While we didn't really agree with the second part of Hoy's 'fast, efficient and comfortable ride, combining the speed and efficiency of a road bike with the rugged durability of a mountain bike', the first bit rings true. On the road it's almost as quick and lively as a thoroughbred. Off road it needs bigger tyres, but it has room for those and would double up nicely as a touring bike.
Tell us some more about the technical aspects of the product?
Triple butted aluminium frame. Alu fork. Smooth double pass welds.
Tidily put together but not with any particular flair.
Superb on the road, needs bigger tyres for more than gentle off road jaunts or for more comfort on the road.
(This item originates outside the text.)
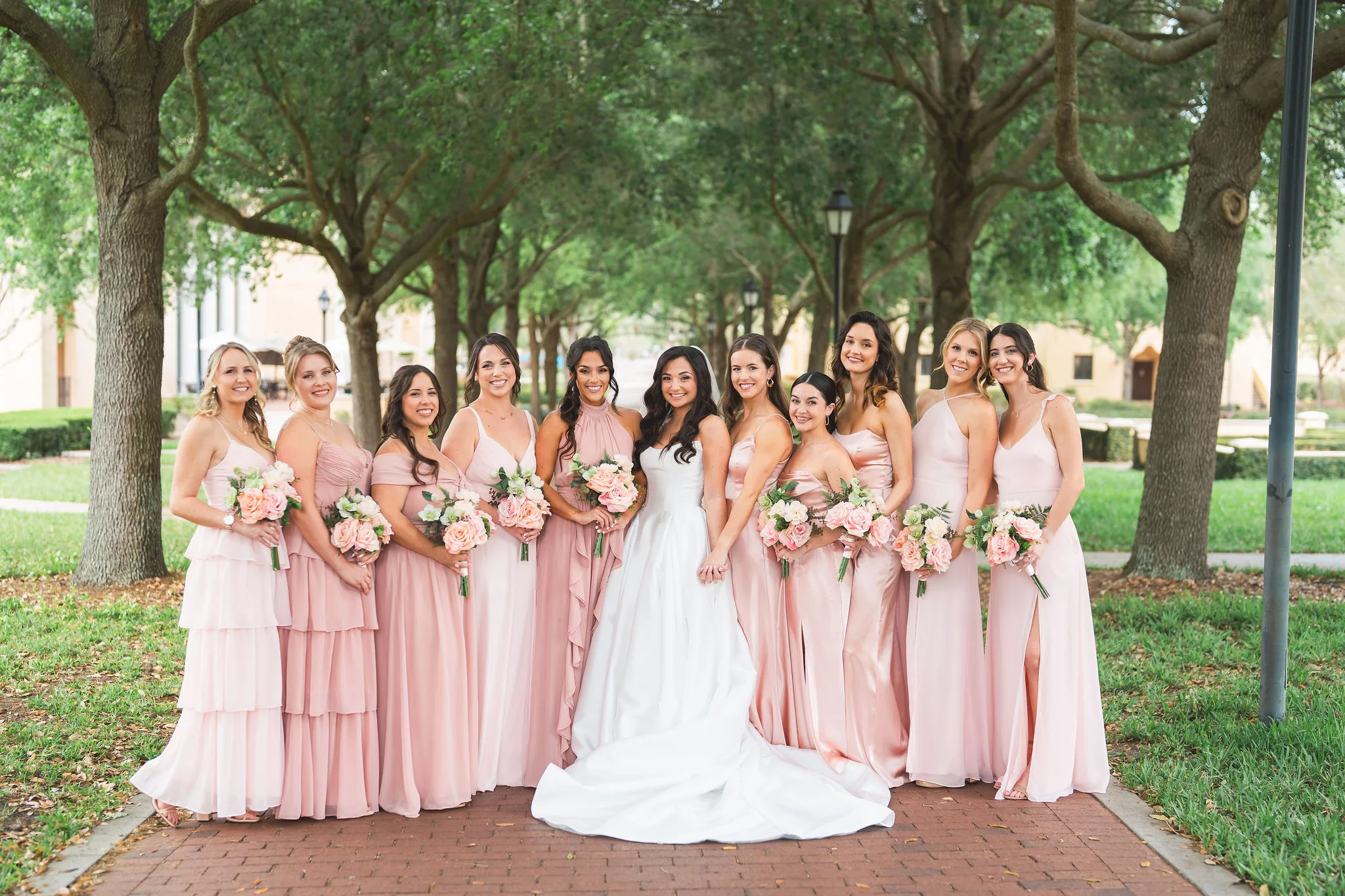 CodyKarinaWedding03.15.2026 113 - European Inspired Wedding | Rollins College Bridesmaids in dusty rose and blush gowns with bride under oak trees at Rollins College European inspired wedding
The only gripe was with the skimpy seat clamp, which needed over-tightening to hold the post tight and broke on the second ride.
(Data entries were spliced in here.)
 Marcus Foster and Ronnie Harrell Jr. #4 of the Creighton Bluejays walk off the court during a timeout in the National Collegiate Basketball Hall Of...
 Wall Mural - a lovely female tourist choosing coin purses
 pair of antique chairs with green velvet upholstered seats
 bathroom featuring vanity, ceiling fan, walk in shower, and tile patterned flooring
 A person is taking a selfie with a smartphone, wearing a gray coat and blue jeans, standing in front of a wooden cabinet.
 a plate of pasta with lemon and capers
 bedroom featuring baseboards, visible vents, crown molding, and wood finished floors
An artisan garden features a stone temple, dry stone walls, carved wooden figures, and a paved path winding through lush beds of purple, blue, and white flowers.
Lighter than many dropped bar road bikes at this price.
Tell us how the product performed overall when used for its designed purpose
No unexpected quirks, handled superbly, very fast on the road, needs bigger tyres if you plan to ride more than smooth trails off road.
Tell us what you particularly liked about the product
The light and lively ride, and simple gear set-up.
Tell us what you particularly disliked about the product
Less than fit riders would probably prefer a double crankset up front.
Did you enjoy using the product? Yes.
Would you consider buying the product? No.
Would you recommend the product to a friend? Yes.
Anything further to say about the product in conclusion?
Given Sir Chris Hoy's thoroughbred racing background, it's great to see him putting his name to, and campaigning for, bikes for use as transport as well as sport.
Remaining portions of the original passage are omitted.